[[ Data for the task, beginning ]]

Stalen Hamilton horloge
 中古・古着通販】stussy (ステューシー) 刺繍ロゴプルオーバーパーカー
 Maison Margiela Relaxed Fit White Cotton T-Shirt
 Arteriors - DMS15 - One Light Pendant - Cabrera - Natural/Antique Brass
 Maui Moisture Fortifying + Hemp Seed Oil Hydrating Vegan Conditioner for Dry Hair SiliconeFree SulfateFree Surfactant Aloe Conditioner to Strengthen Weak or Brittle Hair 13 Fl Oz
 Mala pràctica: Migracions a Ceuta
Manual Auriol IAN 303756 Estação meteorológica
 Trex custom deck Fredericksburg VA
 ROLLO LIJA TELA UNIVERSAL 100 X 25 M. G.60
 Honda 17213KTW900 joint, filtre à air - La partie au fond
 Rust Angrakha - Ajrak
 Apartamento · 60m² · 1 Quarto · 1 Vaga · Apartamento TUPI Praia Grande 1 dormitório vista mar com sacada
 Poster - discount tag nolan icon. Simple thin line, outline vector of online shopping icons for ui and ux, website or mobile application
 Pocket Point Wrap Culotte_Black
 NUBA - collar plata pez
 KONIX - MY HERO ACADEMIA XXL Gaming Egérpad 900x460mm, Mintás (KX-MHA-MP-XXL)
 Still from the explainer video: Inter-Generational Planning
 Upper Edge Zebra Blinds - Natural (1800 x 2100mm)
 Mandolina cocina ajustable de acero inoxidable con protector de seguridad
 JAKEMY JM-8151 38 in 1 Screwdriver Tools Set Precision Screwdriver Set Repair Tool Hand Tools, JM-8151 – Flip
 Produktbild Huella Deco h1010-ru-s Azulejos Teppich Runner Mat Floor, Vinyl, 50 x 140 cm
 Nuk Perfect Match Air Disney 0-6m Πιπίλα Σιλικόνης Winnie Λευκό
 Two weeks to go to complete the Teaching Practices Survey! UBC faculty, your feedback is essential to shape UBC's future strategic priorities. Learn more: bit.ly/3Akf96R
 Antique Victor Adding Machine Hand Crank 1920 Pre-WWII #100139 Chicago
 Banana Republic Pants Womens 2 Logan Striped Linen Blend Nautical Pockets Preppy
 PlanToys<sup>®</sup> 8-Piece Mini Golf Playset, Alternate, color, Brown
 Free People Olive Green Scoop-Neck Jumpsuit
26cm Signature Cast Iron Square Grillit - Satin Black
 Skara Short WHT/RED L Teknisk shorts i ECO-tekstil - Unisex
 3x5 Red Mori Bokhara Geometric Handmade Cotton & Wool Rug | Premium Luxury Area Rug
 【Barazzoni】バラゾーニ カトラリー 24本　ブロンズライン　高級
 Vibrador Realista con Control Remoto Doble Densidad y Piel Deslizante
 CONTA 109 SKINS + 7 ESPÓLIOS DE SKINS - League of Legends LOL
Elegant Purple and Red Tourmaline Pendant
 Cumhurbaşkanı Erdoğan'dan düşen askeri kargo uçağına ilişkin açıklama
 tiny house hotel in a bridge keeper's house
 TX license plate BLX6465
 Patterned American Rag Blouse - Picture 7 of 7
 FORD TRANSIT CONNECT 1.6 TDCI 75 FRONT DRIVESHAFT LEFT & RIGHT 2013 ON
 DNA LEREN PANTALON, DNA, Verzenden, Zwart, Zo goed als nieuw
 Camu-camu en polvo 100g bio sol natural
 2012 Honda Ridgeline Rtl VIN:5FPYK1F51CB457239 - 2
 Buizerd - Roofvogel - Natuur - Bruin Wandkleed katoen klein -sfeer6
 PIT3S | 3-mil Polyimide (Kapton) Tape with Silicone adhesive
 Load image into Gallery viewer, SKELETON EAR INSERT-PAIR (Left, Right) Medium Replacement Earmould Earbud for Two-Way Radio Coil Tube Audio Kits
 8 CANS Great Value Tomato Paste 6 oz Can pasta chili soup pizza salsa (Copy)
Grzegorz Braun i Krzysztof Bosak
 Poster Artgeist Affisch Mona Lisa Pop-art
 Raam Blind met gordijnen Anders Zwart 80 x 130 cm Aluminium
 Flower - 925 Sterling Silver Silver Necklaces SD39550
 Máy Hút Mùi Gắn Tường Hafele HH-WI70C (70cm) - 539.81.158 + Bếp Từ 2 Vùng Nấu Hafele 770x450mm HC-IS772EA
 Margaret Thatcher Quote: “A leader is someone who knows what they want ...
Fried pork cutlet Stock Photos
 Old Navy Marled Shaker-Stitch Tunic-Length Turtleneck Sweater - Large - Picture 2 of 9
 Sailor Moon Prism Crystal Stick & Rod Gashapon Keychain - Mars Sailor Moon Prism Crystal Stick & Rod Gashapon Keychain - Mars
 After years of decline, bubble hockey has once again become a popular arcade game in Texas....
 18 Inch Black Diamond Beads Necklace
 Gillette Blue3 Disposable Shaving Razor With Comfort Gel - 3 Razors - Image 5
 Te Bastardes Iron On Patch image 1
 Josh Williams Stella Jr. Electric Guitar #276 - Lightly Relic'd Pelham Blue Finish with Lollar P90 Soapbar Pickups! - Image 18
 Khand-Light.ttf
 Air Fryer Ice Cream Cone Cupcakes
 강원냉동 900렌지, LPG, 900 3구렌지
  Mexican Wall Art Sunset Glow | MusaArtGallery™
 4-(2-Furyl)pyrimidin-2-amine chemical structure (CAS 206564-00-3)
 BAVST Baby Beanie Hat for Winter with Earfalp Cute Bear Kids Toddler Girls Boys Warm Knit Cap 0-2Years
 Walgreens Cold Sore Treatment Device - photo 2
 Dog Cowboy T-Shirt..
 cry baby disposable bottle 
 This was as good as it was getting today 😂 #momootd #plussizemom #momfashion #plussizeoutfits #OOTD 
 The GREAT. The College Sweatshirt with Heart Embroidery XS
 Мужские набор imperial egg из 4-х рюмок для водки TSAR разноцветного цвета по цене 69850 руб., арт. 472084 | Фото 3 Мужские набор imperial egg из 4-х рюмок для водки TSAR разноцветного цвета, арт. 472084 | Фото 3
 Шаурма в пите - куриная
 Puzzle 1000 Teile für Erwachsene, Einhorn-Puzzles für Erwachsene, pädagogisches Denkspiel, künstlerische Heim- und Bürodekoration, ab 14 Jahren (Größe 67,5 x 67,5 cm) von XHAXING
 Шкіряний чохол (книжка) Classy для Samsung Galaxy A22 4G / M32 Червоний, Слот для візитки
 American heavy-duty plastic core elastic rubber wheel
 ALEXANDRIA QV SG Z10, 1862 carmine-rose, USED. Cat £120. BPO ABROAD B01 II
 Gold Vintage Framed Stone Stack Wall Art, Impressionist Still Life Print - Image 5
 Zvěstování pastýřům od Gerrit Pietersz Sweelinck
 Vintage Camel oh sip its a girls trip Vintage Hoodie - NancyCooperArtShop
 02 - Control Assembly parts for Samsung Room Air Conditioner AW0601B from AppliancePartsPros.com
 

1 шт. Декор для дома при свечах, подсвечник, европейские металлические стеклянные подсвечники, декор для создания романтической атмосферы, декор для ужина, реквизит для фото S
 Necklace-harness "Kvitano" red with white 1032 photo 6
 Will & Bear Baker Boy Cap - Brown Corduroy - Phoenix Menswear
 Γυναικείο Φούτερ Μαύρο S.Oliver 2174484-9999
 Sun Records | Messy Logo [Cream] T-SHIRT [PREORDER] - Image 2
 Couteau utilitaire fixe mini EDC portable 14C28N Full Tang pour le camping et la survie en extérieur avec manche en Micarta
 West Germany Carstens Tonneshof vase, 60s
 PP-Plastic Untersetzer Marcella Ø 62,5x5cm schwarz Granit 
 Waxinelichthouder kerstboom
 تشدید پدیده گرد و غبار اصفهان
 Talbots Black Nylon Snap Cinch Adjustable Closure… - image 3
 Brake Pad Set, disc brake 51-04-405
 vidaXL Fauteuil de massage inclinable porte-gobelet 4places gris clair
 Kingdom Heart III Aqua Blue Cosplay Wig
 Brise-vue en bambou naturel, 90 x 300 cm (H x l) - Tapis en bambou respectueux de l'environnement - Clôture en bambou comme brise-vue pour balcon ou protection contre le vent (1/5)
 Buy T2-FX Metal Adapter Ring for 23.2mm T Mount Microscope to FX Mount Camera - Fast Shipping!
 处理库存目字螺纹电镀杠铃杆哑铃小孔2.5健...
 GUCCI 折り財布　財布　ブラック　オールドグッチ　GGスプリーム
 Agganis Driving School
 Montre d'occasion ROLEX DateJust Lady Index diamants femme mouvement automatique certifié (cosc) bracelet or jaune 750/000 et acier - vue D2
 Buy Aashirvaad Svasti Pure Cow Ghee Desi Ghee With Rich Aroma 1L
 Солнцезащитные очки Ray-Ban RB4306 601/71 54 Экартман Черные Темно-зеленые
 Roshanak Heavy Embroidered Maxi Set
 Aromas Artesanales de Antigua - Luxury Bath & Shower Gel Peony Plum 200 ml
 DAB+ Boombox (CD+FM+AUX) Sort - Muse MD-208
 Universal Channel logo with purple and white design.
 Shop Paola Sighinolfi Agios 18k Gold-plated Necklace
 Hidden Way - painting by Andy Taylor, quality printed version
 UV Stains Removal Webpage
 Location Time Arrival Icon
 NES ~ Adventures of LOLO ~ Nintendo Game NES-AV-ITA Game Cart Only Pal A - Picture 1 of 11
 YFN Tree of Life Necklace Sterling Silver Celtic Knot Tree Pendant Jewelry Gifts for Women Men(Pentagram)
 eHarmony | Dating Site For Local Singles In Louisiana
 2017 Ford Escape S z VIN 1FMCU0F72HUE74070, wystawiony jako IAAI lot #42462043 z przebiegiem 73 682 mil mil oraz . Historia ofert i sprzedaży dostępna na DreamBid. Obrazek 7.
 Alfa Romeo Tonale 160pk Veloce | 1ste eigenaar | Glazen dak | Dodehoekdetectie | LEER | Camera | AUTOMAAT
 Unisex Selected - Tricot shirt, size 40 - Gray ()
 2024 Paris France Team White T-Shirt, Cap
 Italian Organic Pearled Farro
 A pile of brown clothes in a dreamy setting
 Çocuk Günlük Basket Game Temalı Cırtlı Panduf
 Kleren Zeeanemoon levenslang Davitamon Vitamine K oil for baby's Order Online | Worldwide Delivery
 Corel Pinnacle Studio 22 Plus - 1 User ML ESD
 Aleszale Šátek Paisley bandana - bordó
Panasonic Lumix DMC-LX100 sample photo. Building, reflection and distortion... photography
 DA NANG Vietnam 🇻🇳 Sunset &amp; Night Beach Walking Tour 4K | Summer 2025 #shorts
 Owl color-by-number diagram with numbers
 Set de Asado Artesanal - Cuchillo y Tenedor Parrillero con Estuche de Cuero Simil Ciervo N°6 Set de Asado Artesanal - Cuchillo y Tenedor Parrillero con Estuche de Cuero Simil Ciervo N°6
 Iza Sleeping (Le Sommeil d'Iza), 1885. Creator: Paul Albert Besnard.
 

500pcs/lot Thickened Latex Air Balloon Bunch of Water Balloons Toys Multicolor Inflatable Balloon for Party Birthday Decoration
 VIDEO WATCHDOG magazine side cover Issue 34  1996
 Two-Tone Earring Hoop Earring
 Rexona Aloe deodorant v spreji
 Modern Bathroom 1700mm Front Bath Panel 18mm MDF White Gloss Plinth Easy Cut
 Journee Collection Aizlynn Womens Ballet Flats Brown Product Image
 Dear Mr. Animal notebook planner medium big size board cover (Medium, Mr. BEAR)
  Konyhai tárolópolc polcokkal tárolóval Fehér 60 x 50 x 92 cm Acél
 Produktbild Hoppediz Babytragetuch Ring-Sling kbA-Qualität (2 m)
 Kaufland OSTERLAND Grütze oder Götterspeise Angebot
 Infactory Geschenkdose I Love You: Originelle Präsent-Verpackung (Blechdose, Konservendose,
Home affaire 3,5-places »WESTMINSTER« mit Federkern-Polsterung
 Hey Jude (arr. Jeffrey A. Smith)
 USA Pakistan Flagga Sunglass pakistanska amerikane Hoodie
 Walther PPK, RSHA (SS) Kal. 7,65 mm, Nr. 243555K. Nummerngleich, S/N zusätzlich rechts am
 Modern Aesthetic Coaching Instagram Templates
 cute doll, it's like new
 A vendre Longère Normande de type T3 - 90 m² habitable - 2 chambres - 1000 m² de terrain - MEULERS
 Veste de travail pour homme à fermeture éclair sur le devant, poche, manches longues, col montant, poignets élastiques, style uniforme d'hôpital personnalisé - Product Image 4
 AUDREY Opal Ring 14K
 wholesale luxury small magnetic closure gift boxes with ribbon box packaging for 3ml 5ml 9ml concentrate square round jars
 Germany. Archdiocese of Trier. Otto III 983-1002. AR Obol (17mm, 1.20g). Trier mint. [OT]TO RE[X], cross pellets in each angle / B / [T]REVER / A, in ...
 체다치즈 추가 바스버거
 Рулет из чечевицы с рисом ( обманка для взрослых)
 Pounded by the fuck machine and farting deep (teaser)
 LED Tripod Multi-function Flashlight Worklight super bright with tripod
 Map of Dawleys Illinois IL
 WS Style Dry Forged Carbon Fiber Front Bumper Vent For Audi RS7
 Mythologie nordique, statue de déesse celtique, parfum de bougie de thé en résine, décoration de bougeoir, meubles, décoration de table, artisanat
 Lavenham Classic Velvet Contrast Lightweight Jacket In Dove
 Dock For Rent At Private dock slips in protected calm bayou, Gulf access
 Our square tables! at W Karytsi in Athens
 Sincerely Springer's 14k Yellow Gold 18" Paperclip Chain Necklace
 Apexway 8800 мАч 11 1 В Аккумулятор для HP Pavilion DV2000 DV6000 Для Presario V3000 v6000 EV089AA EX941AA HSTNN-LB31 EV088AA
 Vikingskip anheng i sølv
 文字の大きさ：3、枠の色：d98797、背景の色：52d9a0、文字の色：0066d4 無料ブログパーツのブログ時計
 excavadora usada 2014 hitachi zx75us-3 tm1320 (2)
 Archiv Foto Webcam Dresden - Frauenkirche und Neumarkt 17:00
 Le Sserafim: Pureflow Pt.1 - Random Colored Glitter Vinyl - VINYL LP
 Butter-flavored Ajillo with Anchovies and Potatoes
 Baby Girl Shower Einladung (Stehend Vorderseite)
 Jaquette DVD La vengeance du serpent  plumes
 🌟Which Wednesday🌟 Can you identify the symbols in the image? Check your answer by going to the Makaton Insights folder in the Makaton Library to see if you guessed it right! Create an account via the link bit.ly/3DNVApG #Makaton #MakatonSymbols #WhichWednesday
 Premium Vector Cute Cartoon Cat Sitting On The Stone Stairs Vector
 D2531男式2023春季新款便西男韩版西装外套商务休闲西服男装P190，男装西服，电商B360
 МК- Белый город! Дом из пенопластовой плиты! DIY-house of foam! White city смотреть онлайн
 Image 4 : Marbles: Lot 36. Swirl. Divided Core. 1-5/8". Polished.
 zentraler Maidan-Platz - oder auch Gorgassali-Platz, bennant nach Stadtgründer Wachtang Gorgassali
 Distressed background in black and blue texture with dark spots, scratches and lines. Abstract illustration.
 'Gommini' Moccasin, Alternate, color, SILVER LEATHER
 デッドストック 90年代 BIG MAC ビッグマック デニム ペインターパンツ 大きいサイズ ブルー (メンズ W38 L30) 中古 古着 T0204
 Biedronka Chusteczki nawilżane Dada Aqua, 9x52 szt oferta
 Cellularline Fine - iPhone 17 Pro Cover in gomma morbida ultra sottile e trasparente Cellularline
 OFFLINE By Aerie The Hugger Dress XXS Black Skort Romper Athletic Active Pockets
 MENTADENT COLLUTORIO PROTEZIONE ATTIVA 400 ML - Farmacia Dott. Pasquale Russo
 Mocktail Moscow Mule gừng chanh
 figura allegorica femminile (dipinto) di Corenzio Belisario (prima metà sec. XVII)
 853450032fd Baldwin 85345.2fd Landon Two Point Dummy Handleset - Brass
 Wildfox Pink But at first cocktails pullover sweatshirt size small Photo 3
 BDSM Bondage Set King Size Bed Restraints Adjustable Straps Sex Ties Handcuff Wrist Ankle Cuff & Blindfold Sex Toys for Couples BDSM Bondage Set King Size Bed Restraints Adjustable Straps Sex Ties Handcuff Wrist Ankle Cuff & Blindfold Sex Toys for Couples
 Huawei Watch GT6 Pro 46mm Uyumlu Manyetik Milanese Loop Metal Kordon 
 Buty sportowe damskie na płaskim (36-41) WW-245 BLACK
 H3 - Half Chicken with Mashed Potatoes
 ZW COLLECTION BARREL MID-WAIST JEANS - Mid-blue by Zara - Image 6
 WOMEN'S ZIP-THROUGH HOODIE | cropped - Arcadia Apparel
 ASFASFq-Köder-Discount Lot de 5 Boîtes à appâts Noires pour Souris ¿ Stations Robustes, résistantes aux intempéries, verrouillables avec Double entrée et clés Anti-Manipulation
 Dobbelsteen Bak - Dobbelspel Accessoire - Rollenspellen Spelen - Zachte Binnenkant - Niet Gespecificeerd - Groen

[[ Data for the task, end ]]

Task description: Your reply is to repeat, unchanged, the lines above running from the one with "PlanToys<sup>®</sup> 8-Piece Mini" up to and including the one with "Vibrador Realista con".

Solution to this task:
 PlanToys<sup>®</sup> 8-Piece Mini Golf Playset, Alternate, color, Brown
 Free People Olive Green Scoop-Neck Jumpsuit
26cm Signature Cast Iron Square Grillit - Satin Black
 Skara Short WHT/RED L Teknisk shorts i ECO-tekstil - Unisex
 3x5 Red Mori Bokhara Geometric Handmade Cotton & Wool Rug | Premium Luxury Area Rug
 【Barazzoni】バラゾーニ カトラリー 24本　ブロンズライン　高級
 Vibrador Realista con Control Remoto Doble Densidad y Piel Deslizante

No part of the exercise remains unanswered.